Lamidi Adeyemi III

HRH Oba
Lamidi Adeyemi III
Alaafin of Oyo
Assumed office
18 November 1970
Preceded by Gbadegesin Ladigbolu II
Personal details
Born (1938-10-15) 15 October 1938
Website www.alaafin-oyo.org/main/

Lamidi Olayiwola Adeyemi III (born 15 October 1938) is the Alaafin, or traditional ruler, of the Yoruba state of Oyo and righful heir to the throne of its historic empire.

Lamidi's father, the Alaafin of Oyo Oba Adeyemi II Adeniran, was deposed and exiled in 1954 for sympathizing with the National Council of Nigerian Citizens (NCNC). He had come into conflict with Bode Thomas, deputy leader of the Action Group.[1]

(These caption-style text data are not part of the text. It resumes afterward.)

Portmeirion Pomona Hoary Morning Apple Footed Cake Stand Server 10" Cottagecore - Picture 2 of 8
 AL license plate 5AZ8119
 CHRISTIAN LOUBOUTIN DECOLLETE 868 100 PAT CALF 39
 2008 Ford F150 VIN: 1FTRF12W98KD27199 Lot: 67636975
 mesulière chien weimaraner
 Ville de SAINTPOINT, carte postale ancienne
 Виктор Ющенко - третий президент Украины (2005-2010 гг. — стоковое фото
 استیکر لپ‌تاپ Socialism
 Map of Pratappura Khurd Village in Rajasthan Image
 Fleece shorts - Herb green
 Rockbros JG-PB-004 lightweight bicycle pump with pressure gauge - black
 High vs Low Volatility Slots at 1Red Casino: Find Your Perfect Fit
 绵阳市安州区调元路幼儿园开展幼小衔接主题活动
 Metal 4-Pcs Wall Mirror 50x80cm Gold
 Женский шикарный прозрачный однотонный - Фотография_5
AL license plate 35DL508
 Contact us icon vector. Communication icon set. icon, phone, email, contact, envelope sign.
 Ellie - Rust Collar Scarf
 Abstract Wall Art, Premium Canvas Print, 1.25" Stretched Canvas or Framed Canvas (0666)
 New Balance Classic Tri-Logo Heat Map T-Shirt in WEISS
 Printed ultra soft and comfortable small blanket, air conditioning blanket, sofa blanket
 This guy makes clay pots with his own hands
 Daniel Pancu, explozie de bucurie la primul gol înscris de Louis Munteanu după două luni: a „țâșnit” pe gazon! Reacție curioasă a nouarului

Lamidi Adeyemi succeeded Alaafin Gbadegesin Ladigbolu II in 1970, during the governorship of Colonel Robert Adeyinka Adebayo, after the end of the Nigerian Civil War. In 1975 the head of state General Murtala Ramat Mohammed included Oba Adeyemi in his entourage to the hajj. He was chancellor of Uthman dan Fodiyo University in Sokoto from 1980 to 1992. In 1990 President Ibrahim Babangida appointed him Amir-ul-Hajj in recognition of his commitment to the consolidation of Islam in Nigeria.[1]

On 3 May 2011, the outgoing Oyo State Governor Adebayo Alao-Akala announced that the Alaafin of Oyo, Oba Lamidi Adeyemi III was no longer Permanent Chairman of the Council of Obas and Chiefs in Oyo State. The state government had just passed a law that introduced rotation of the office of Chairman between the Alaafin and his two rivals, the Olubadan of Ibadanland and the Soun of Ogbomoso. It was said that the measure, introduced by a state assembly with the People's Democratic Party (PDP) majority, was in response to the Oba's support for the Action Congress of Nigeria (ACN) during the April 2011 elections. The ACN beat the PDP decisively in that election.[2]

Talking in September 1984 he said: "Traditional rulers should be seen as the perfect embodiment of the culture of the place, as well as the synthesis of the aspirations and goals of the nation. This is not only in social values of veracity, egalitarianism, justice and democracy; but in dress, utterances and comportment; even the mere necessary trivicalities [sic] that mark Nigeria and the locality as a distinctive entity".[3]

References

  1. 1 2 "Alaafin of Oyo Oba Lamidi Adeyemi Turns 70". The Nation (Nigeria). 3 Nov 2009. Retrieved 2011-09-18.
  2. YINKA FABOWALE (May 8, 2011). "Real reasons Akala sacked Alaafin". The Sun (Nigeria). Retrieved 2011-09-18.
  3. Reinwald, Brigitte (2001). Afrikanische Beziehungen, Netzwerke und Räume: Africain networks, exchange and spatial dynamics. LIT Verlag Münster. p. 271. ISBN 3-8258-5705-0.